Heute vor 175 Jahren starb Hölderlin (1770-1843), nachdem er die zweite Hälfte seines Lebens wegen schwerer psychischer Krisen im Tübinger Turm oberhalb des Neckars verbracht hatte. Es war vermutlich nicht zuletzt seine extreme Sensibilität, die Hölderlin zu einzigartigen lyrischen Schöpfungen befähigte, welche einen Höhepunkt in der deutschen wie in der gesamten abendländischen Literatur markieren.

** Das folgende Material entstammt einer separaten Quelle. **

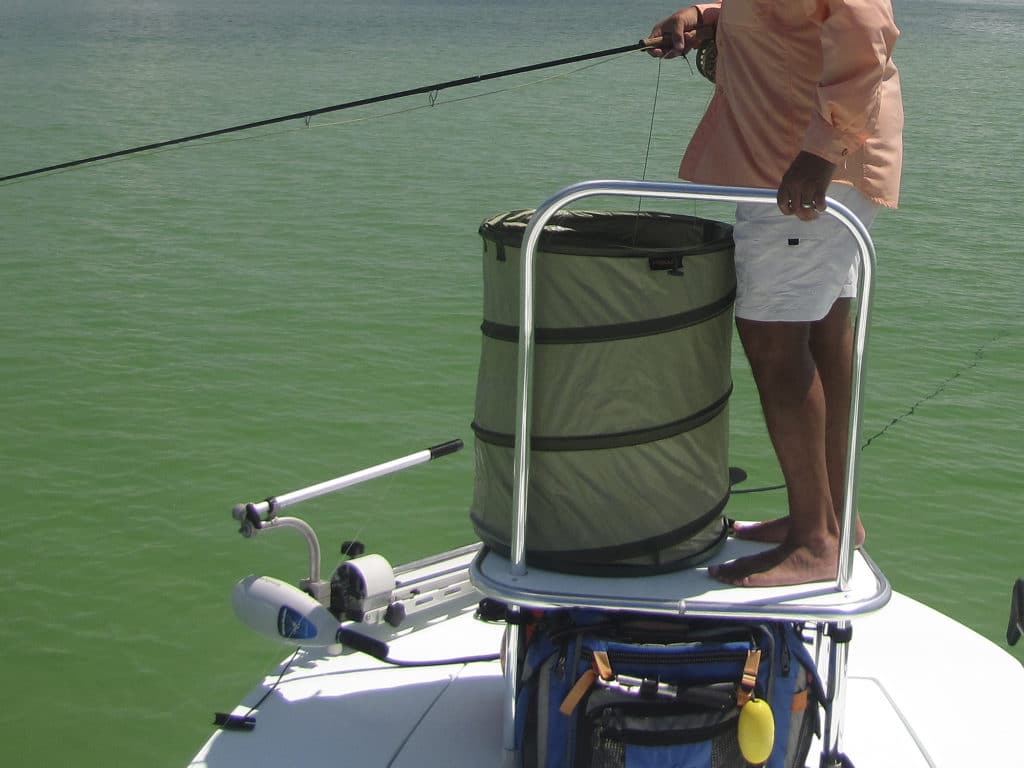 While fly fishing barefoot is recommended (so you know when you step on the line), not everyone can stand shoeless on a rocking boat for hours.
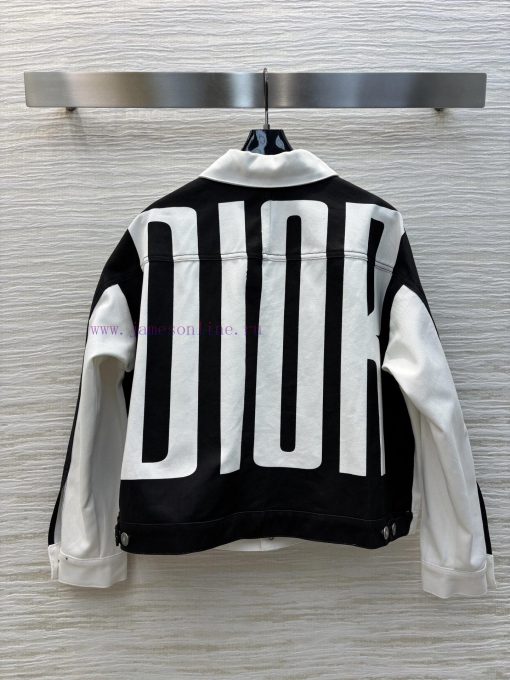 CT76976 Dior 25 Early Spring New Collection Stripe Printed Denim Jacket In Black And White Very 396mf79l - Image 9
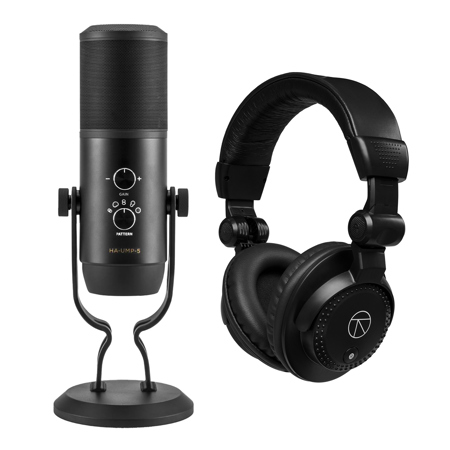 H&A UMP-5 Professional USB Multi-Pattern Condenser Microphone with Closed-Back Studio Monitor Headphones
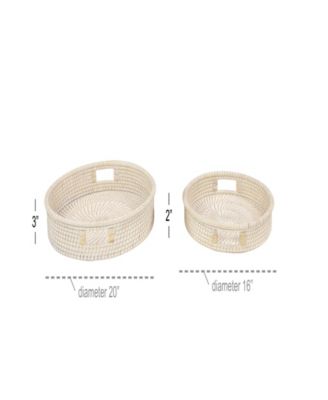 Light Rattan Tray with Slot Handles, Set of 2, 20", 16" W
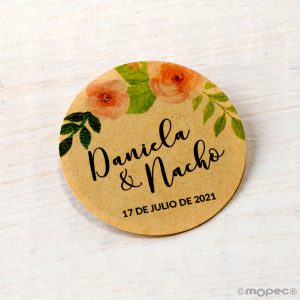 X442 PERS. 36 Индивидуальные крафт-стикеры «розовые цветы» Dekoraniaevents Bodas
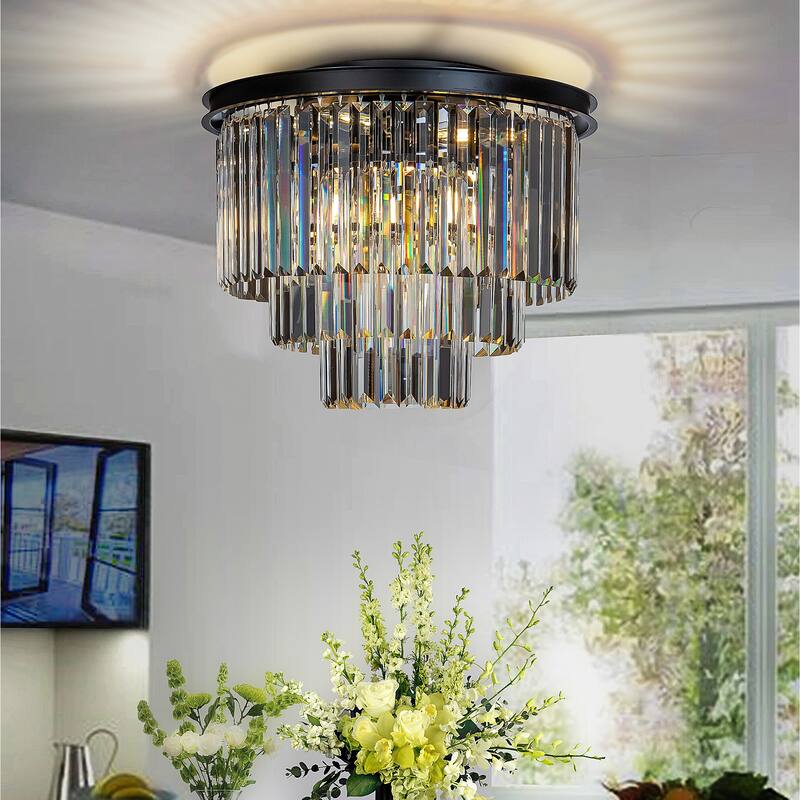 6-Lights Modern 3-Tier Round Fringe Crystal Flush Mount Light
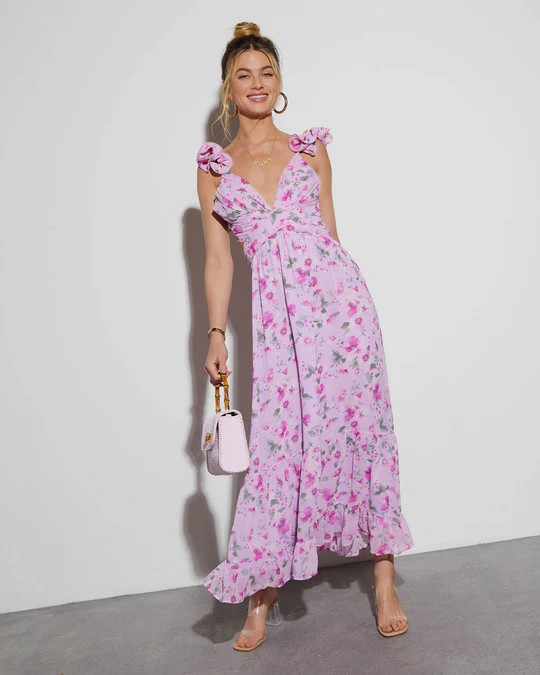 Polly V-Neck Floral Ruffle Maxi Dress | VICI
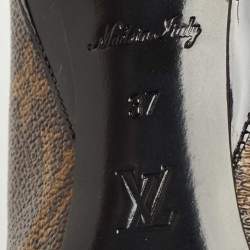 Louis Vuitton Black Patent Leather and Monogram Canvas Cherie Pumps Size 37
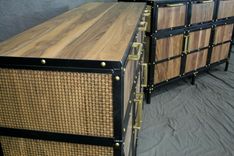 Walnut Sideboard. Industrial With Brass Accents. Wood Buffet With Drawers. Custom Credenza. 4 small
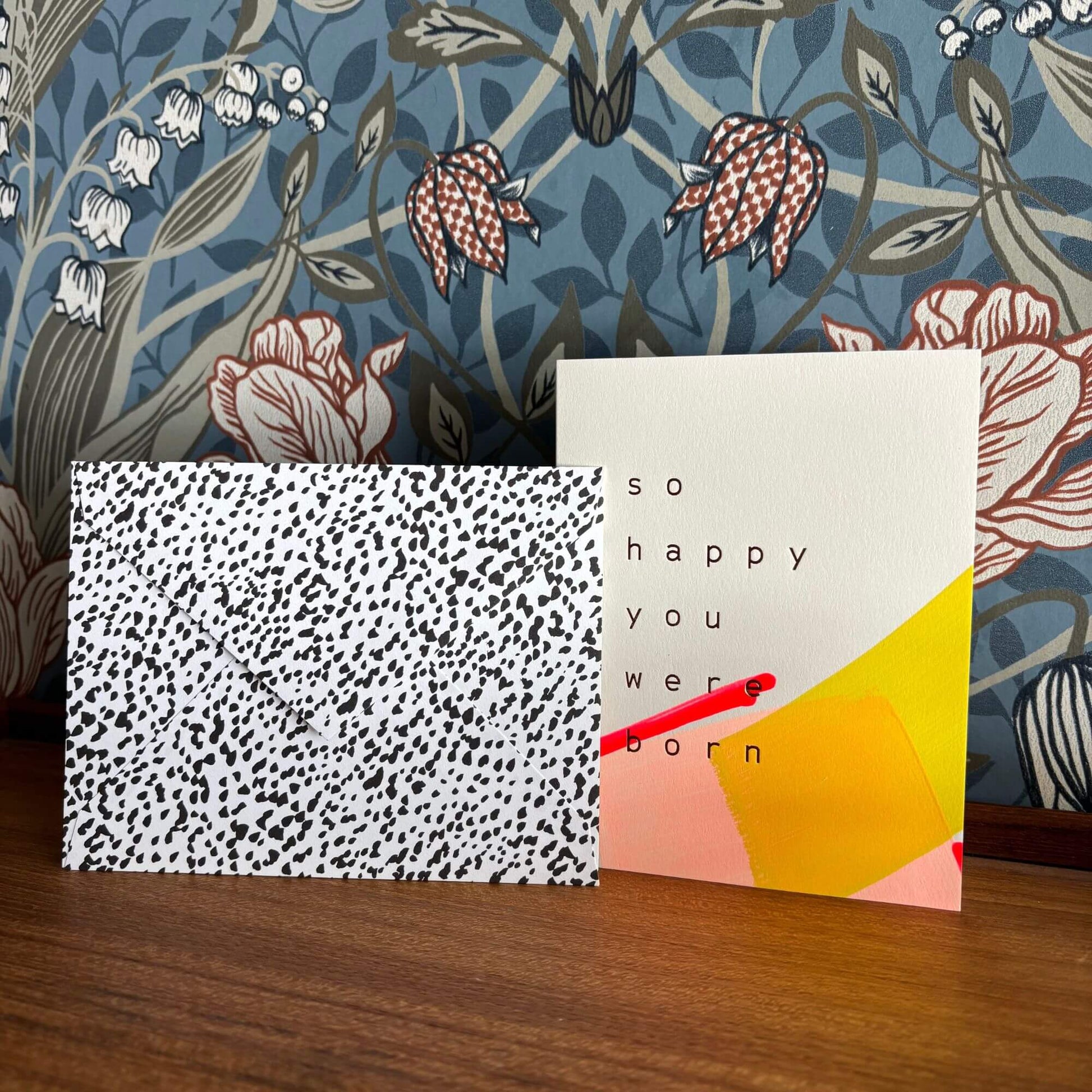 New Birthday Greeting Card 'So Happy You Were Born' Hand Painted by Moglea image 2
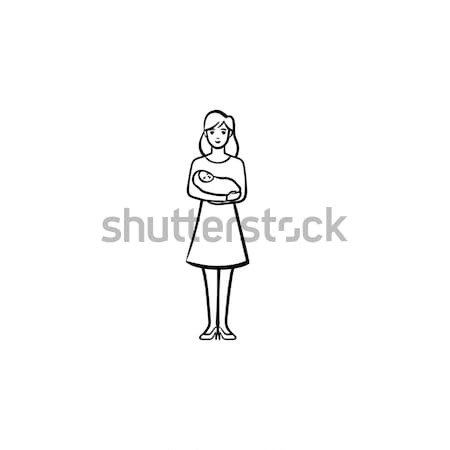 A mother holding a baby hand drawn outline doodle icon. Stock photo © RAStudio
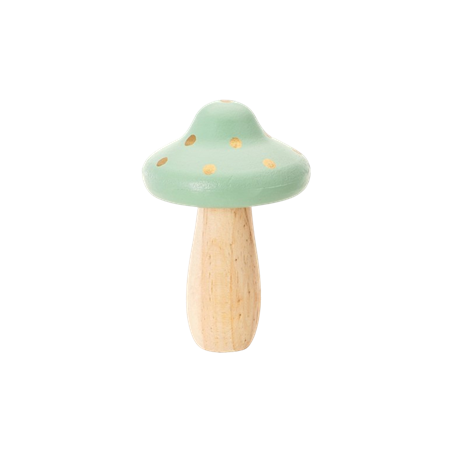 Champignon en bois vert et pois Or 10,5 x 15,5cm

Bis in die Gegenwart hinein leuchtet sein Schaffen durch sich selbst. Obwohl es sich weitgehend dem alltäglichen Leben entzieht, ist die Bedeutung des Dichters im gesellschaftlichen Bewusstsein fest verankert. Dabei tritt der jetzige 175. Todestag zurück hinter den 250. Geburtstag, der am 20. März 2020 bevorsteht. Dann will auch das Land Baden-Württemberg den in Lauffen am Neckar geborenen Hölderlin gebührend feiern.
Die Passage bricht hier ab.